Could you transcribe all of the data exactly and skip any pictures?

§ **RAW DATA**:
══════════════════════════════

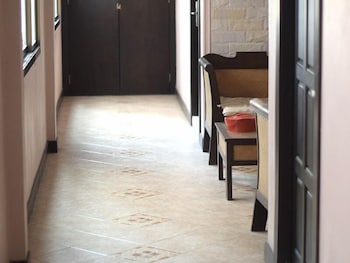 zip lounge and apartments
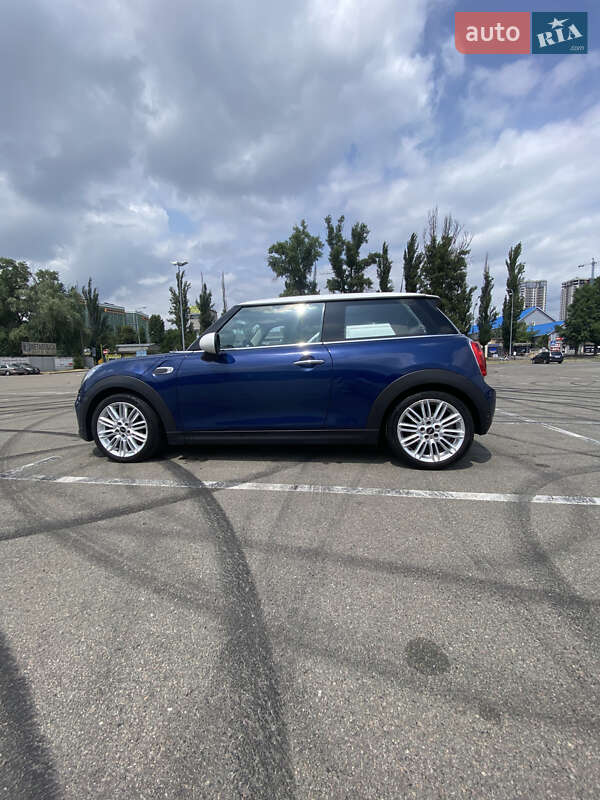 Хэтчбек MINI Hatch 2016 в Киеве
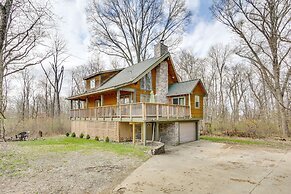 Spacious Buckeye Lake Home w/ Hot Tub & Fire Pit!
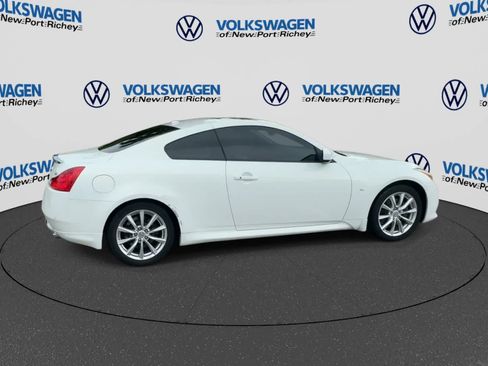 Used 2014 INFINITI Q60 Journey w/ Premium Package RWD image 8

══════════════════════════════

§ **ANSWER TO THIS TASK**:
 zip lounge and apartments
 Хэтчбек MINI Hatch 2016 в Киеве
 Spacious Buckeye Lake Home w/ Hot Tub & Fire Pit!
 Used 2014 INFINITI Q60 Journey w/ Premium Package RWD image 8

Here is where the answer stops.